カクシンハンPOCKET08 『冬物語 ~現実と夢幻のデッド・ヒート~』

 芝居を予約してチケットが郵送されてきた。チケットだけじゃない。「サイリウム」が入ってる。サイリウム=化学反応で蛍光色を発する器具の通称。psyllium。送られてきたのは片手を広げた長さのスティックであった。突然襲う黒い不安。①わすれる②時ならぬときに光らす③壊す 

 乾坤一擲のきっかけに弱い自分が、ほんと残念だ。開演前に鞄の中で、ぽきっとサイリウムが光り始めちゃったし、腕にはなかなかつけられないし、「つけてください」とも言えなくてわたわたしたが、暗い舞台にぽわんと光る明かりの環が、ほんとにきれいだった。

 リングのような四角い屋台に、ビニールが張り巡らされている。ラップに似た透明のフィルム、彼我をはっきり隔て、もろく、見通せて、夢のように巻きつく。

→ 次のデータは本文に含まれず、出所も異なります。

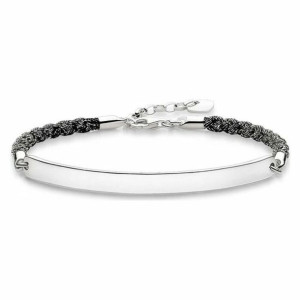 Bransoletka Damska Thomas Sabo Srebro (16,5-19,5 cm) (19,5 cm)
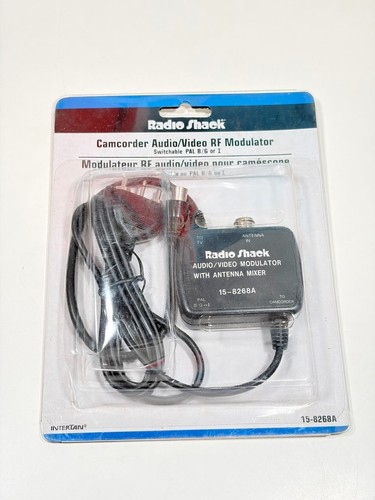 Radio shack 8268a camcorder - 15-8268a,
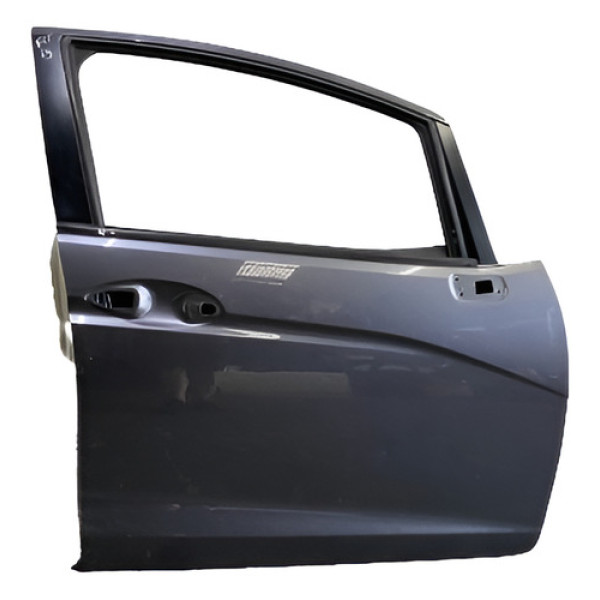 Porta Dianteira Direita New Fit 2019 2020 Dianteira Direito Prateado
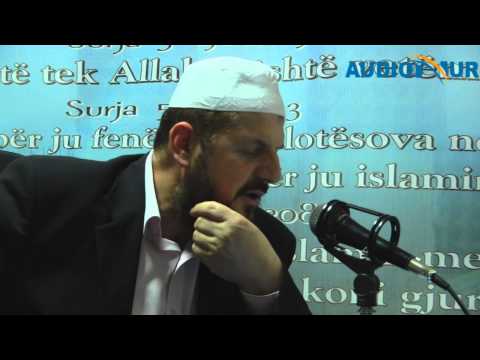 Rëndsia e namazit në jetën e njeriut - Hoxhë Shefqet Krasniqi (Top Iliria Radio Deçan)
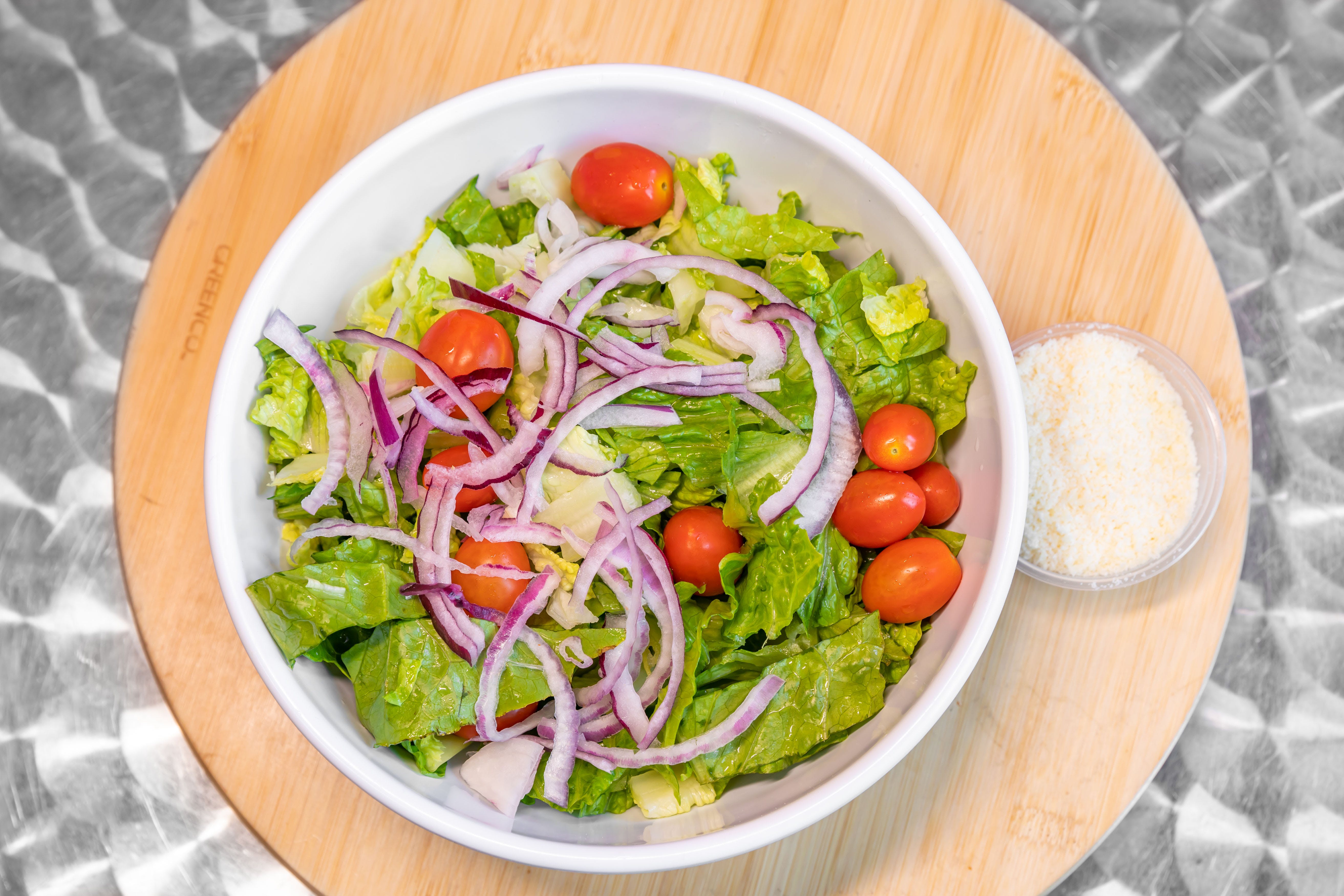 Order House Salad - Salad food online from Promenade Pizza store, Anaheim on bringmethat.com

 シチリアに9か月滞在したボヘミア王ポリクシニーズ(島田惇平)は、今にも帰途につこうとしている。それを引き留めるシチリア王レオンティーズ(河内大和)は、妻ハーマイオニ(真以美)にも説得させるが、その説得にとても力があったため、レオンティーズの心には、ふっと暗い疑念が兆し、彼を捉え、包み、翻弄する。この、疑念がレオンティーズに入り込むところがとても難しい。河内大和は、まるで重力が増えたように演じていたが、ここできっと嫉妬は、レオンティーズを食べてしまったのだろう。カミロー(岩崎MARK雄大)はレオンティーズの嫉妬の聞き役だけど、聞いた言葉がそれぞれ違ったように躰に染み込むところが見たい。リアクションじゃなく、ただ、染み込むところが。ハーマイオニが申し開きをするシーン、堂々として、品もあるが、もっと激しくていいかな。アンティゴナス(野村龍一)、ちょっとかるい芝居が異質だった。